- Caption-style text data:
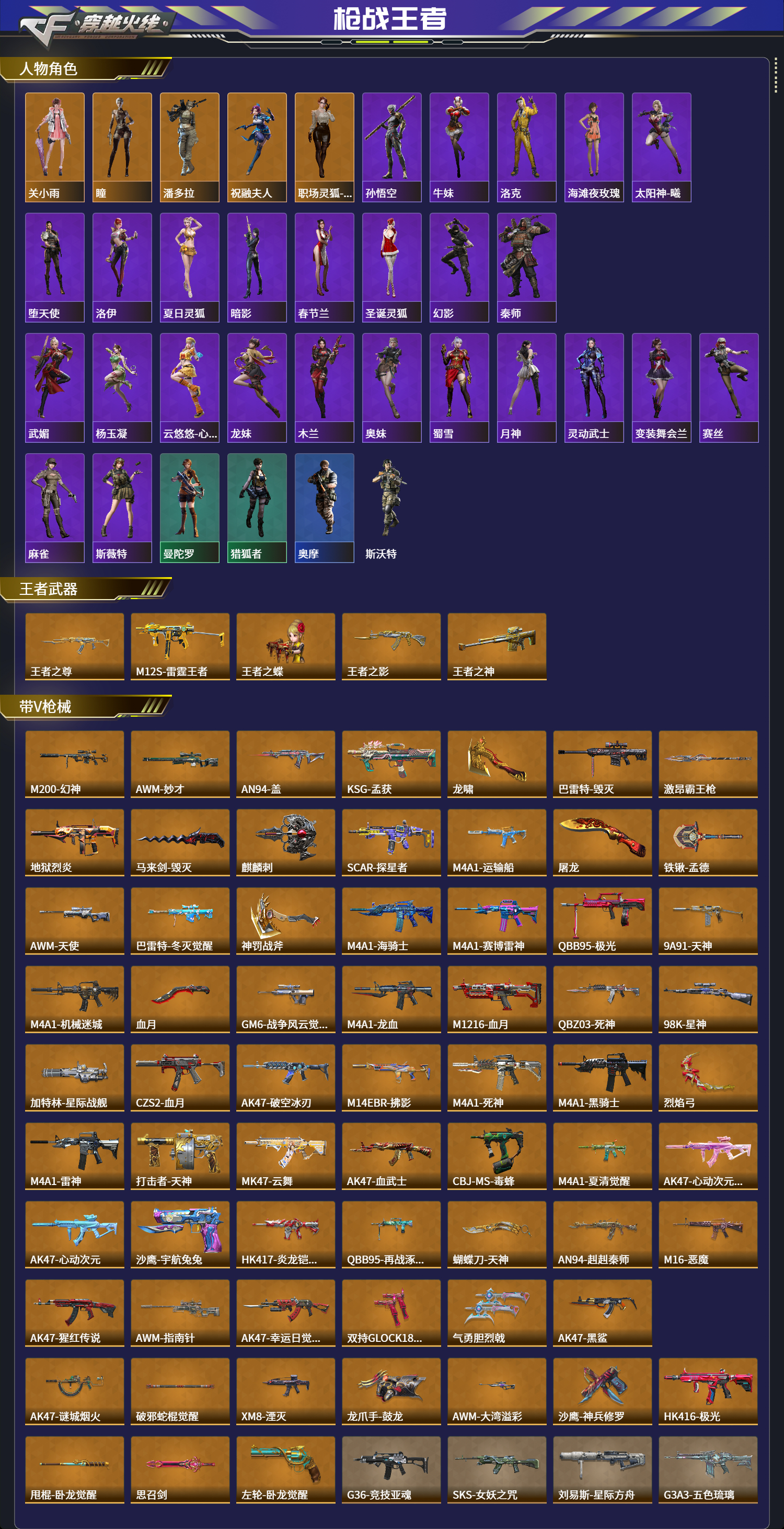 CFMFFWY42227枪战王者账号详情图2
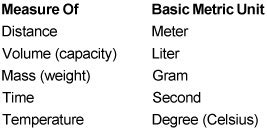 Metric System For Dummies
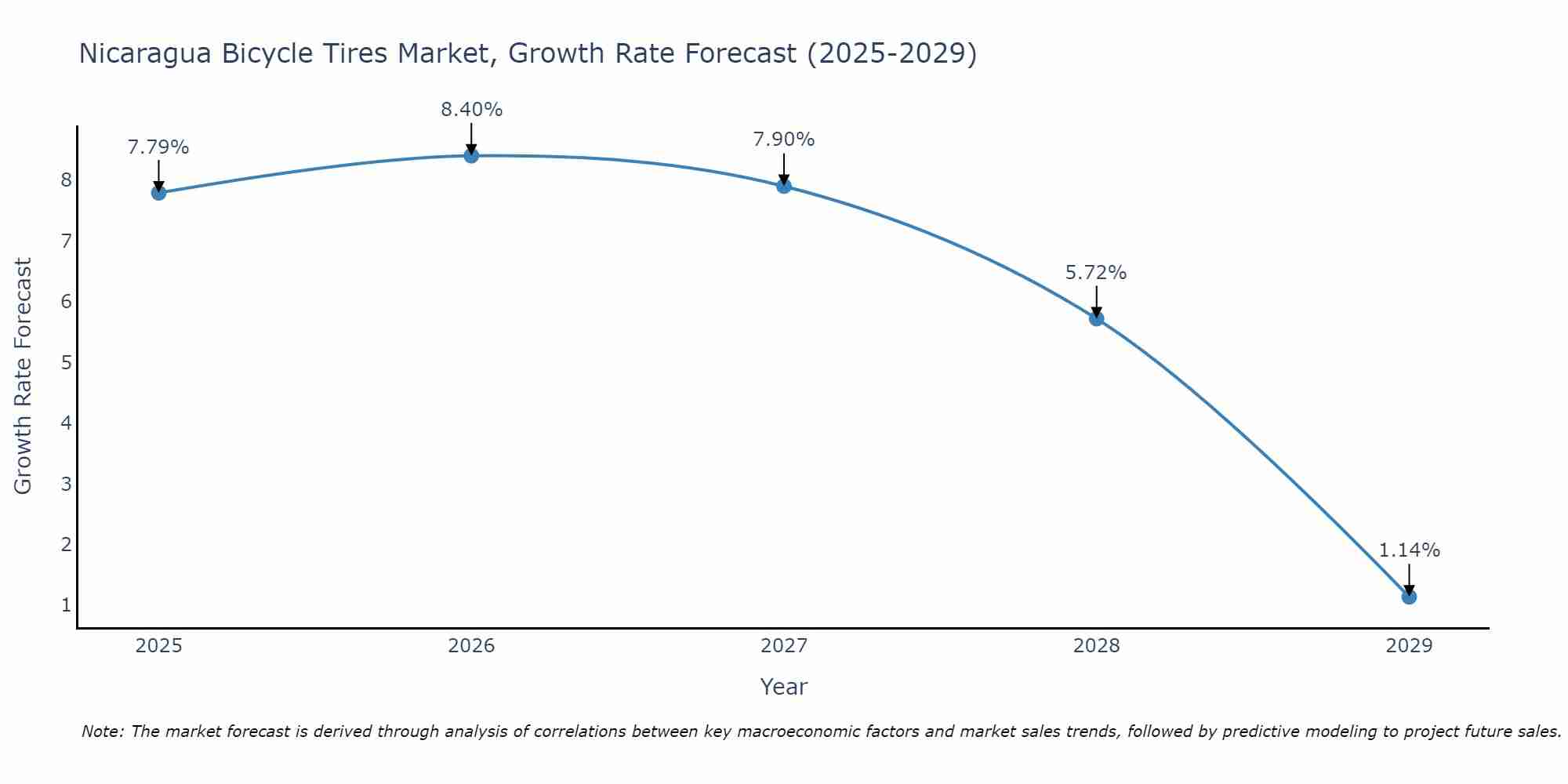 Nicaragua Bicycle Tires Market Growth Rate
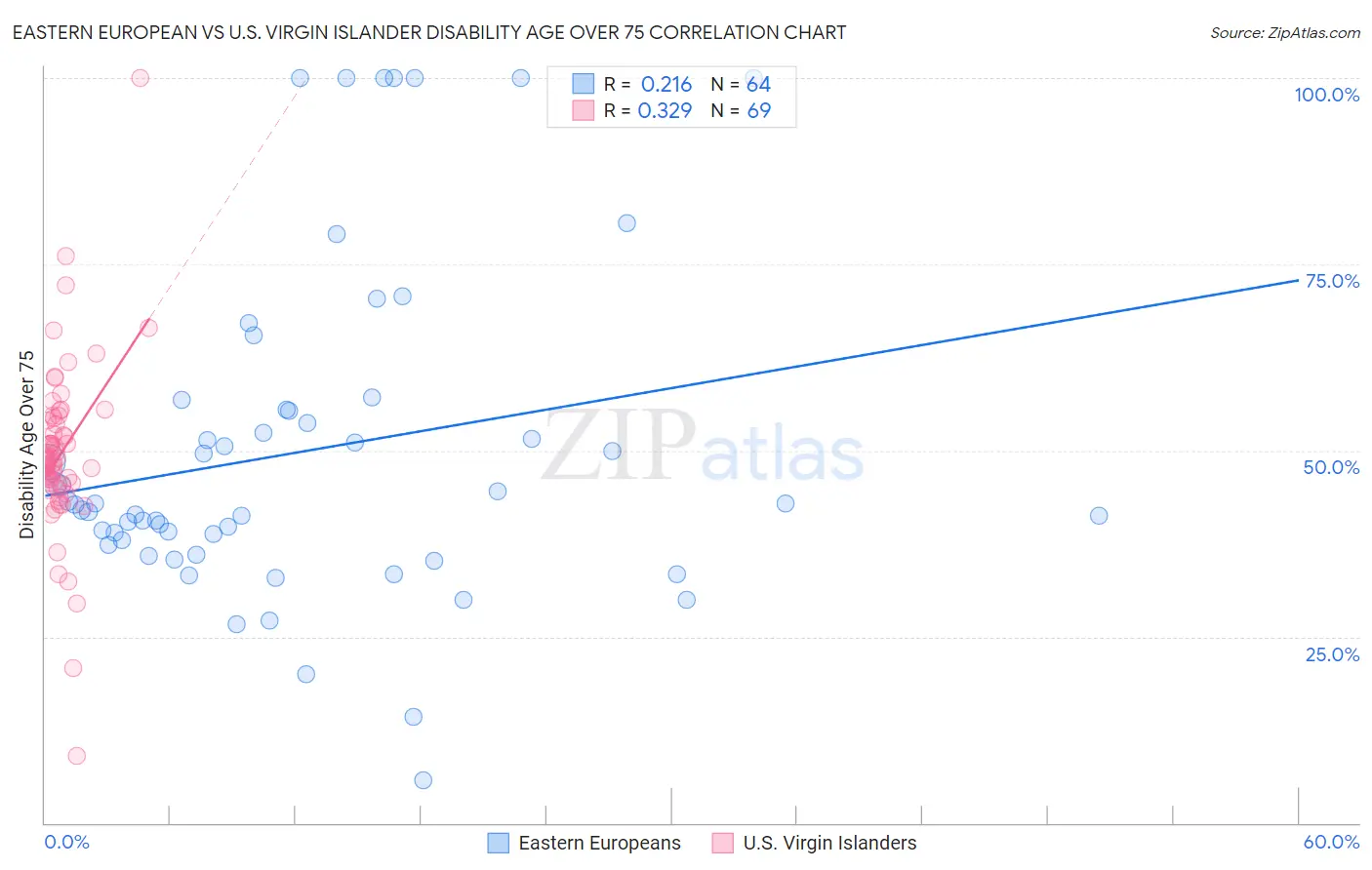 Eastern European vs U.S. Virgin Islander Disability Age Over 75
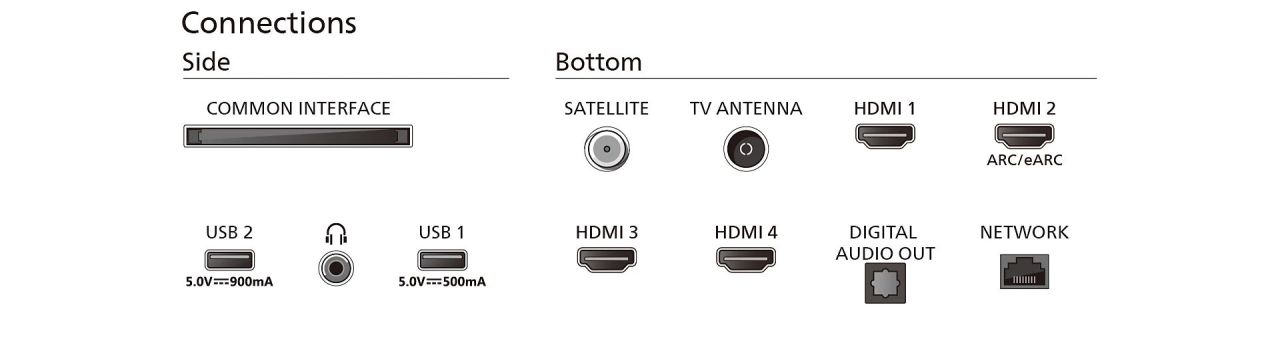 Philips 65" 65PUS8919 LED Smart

- HOW TO COMPLETE THIS TASK: For this exercise, transcribe the entries verbatim and skip all pictures.

- FINISHED EXERCISE:
 CFMFFWY42227枪战王者账号详情图2
 Metric System For Dummies
 Nicaragua Bicycle Tires Market Growth Rate
 Eastern European vs U.S. Virgin Islander Disability Age Over 75
 Philips 65" 65PUS8919 LED Smart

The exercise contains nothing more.